Move Over, Childless Cat Ladies—The Right Has a New Woman to Hate

The right-wing manosphere has quickly absorbed the lexicon of AWFUL: “Affluent White Female Urban Liberals.” Move over childless cat ladies, there is a new broad in town.

The movement hell-bent on extolling the virtues of tradwife life has now set its sights on “organized gangs of wine moms us[ing] Antifa tactics to harass and impede” ICE, according to the talking heads at Fox News.

Sigh, MAGA. There you go again, mangling the plotline. Don’t you know? Motherhood has always been political, embedded in acts of resistance, from Reconstruction to women’s suffrage through the rise of the Civil Rights Movement.

Trump’s Silence on World AIDS Day Revives a New Lavender Scare

Last month, the State Department warned employees not to commemorate World AIDS Day through official work accounts, including social media, nor should they use government funds to mark Tuesday, Dec. 2, as World AIDS Day. The day came and went in a quiet, cold Washington, D.C., without the president marking what it represented—the more than 700,000 Americans who died from HIV/AIDS-related causes in the United States since 1981. 

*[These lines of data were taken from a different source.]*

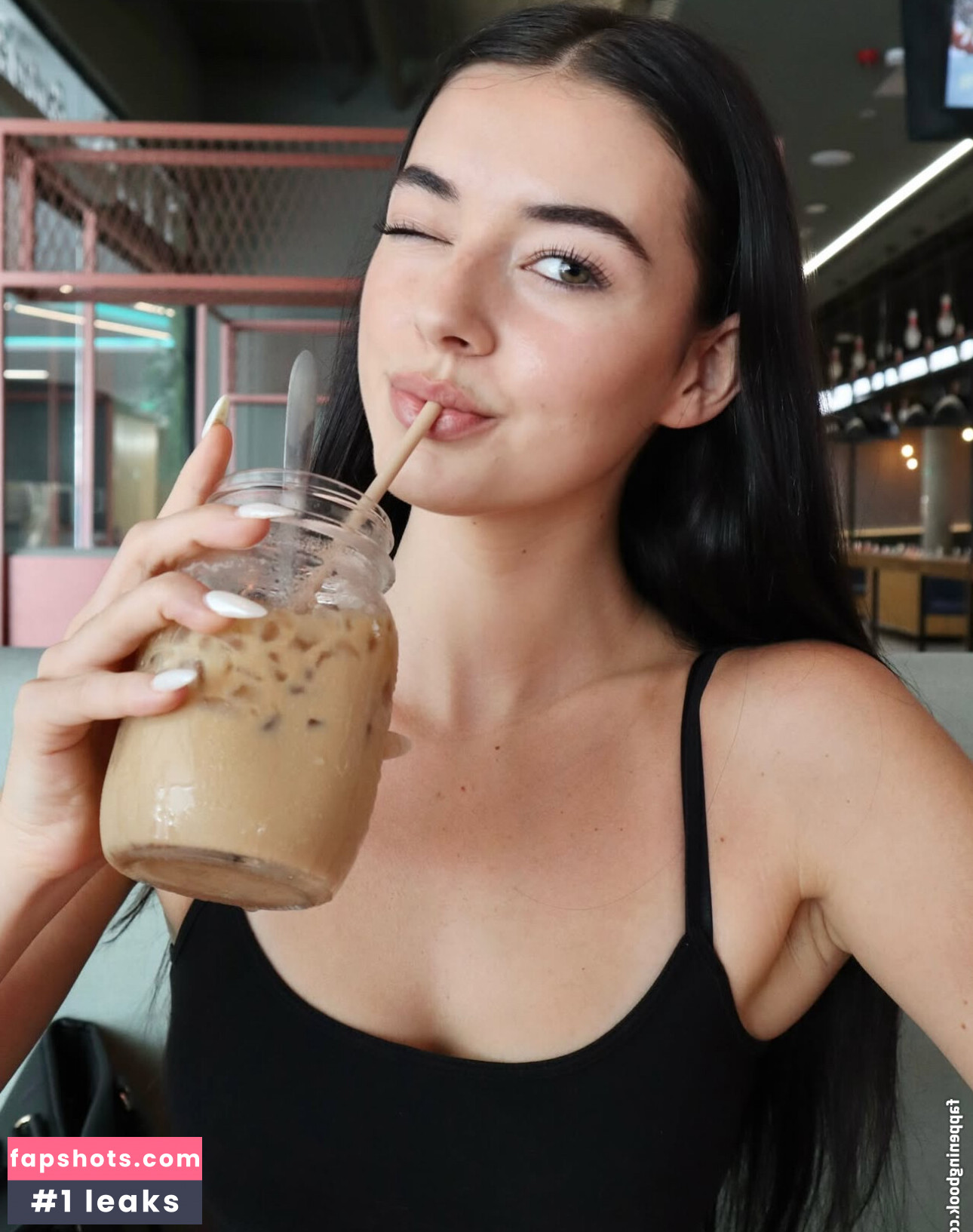 Chanel Soerholt gallery photo #16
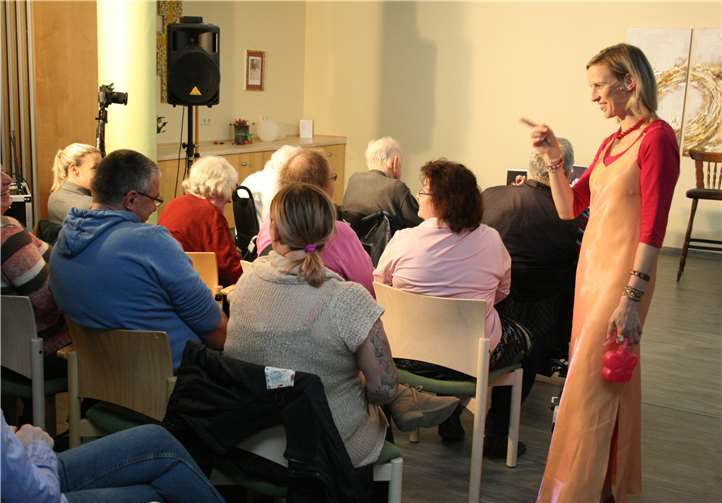 „Wir kennen uns doch aus einer früheren Inkarnation“, sprach Silvia Doberenz eine Besucherin an. privat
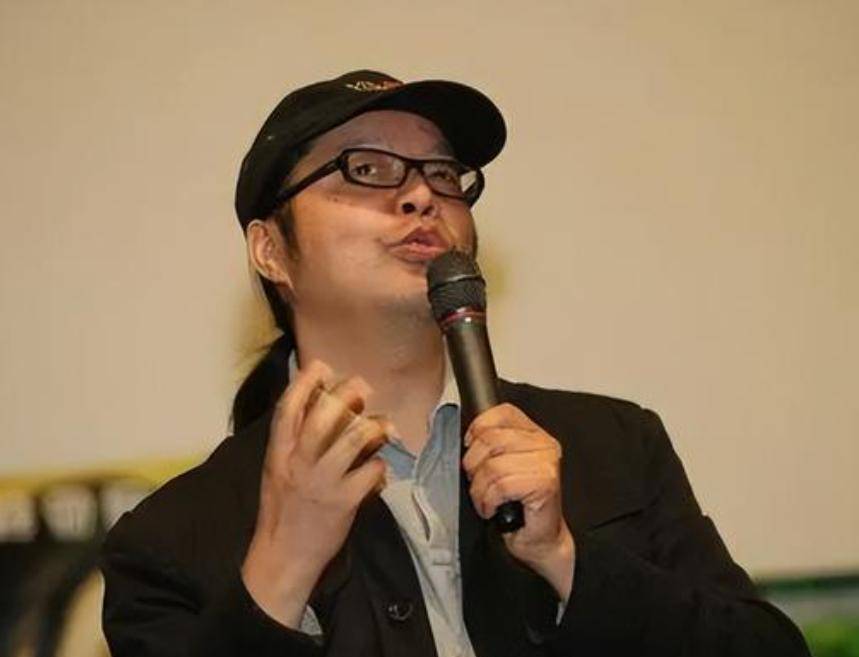 14岁那年,她在朋友去电影厂附近玩,偶然遇到了导演章家瑞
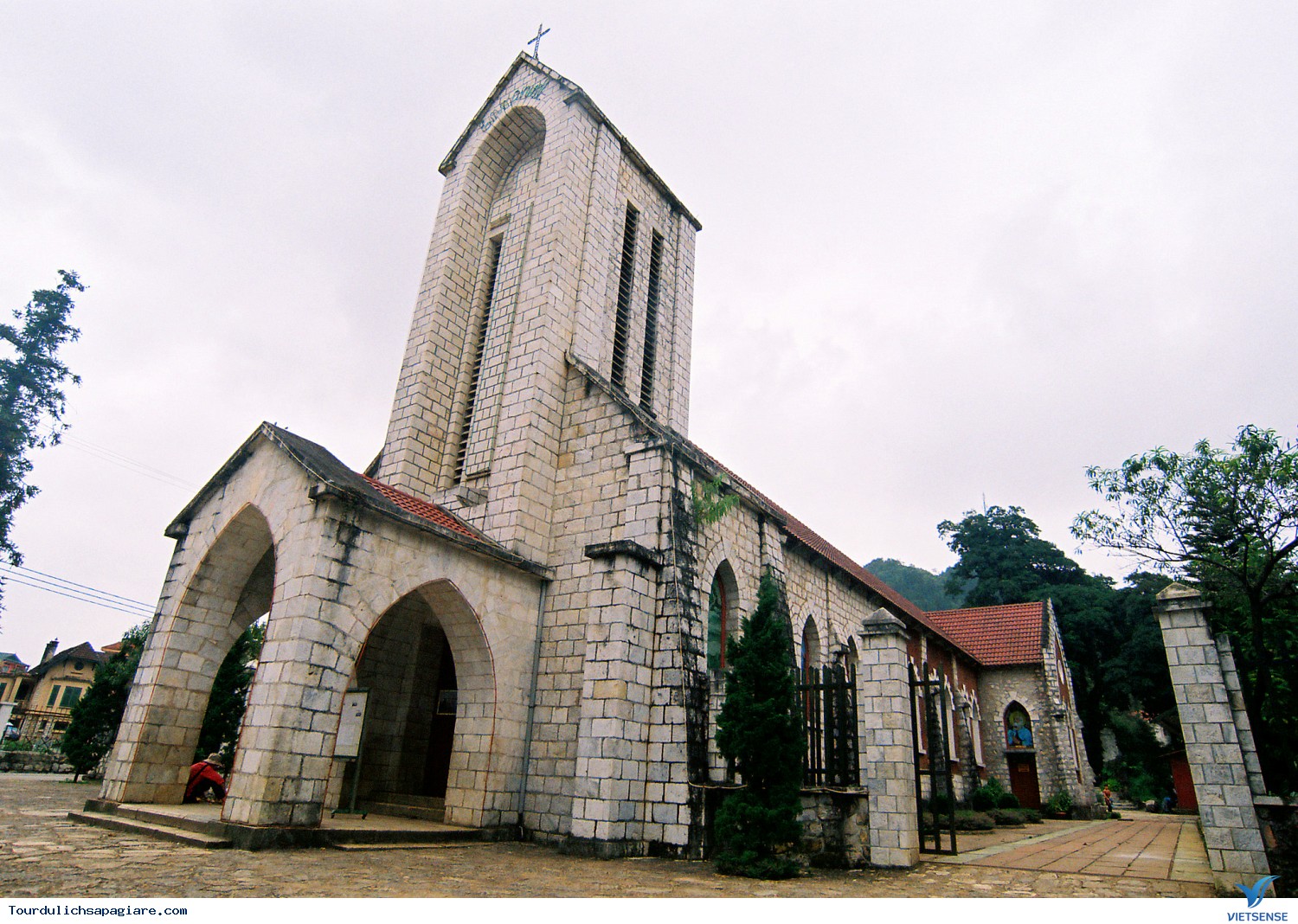 Nhà thờ đá Sapa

If his intentions were unclear, Trump’s budget proposed ending all CDC HIV prevention programs this past June, and Congress continues to negotiate next year’s budget, proposing massive cuts to HIV programs. 

For many young people who never lost friends or family, there may be the misconception that the HIV/AIDS crisis of the 1980s was localized and small, but nearly 300,000 men who have sex with men have died from AIDS-related complications, with over 6,000 deaths in 2019 alone. To put this in perspective, this would be as if over half of Wyoming’s population disappeared, or if everyone in Pittsburgh, Penn., vanished overnight. 

Even Madonna criticized Trump’s move, posting on Instagram, “It’s one thing to order federal agents to refrain from commemorating this day, but to ask the general public to pretend it never happened is ridiculous, it’s absurd, it’s unthinkable. I bet he’s never watched his best friend die of AIDS, held their hand, and watched the blood drain from their face as they took their last breath at the age of 23.”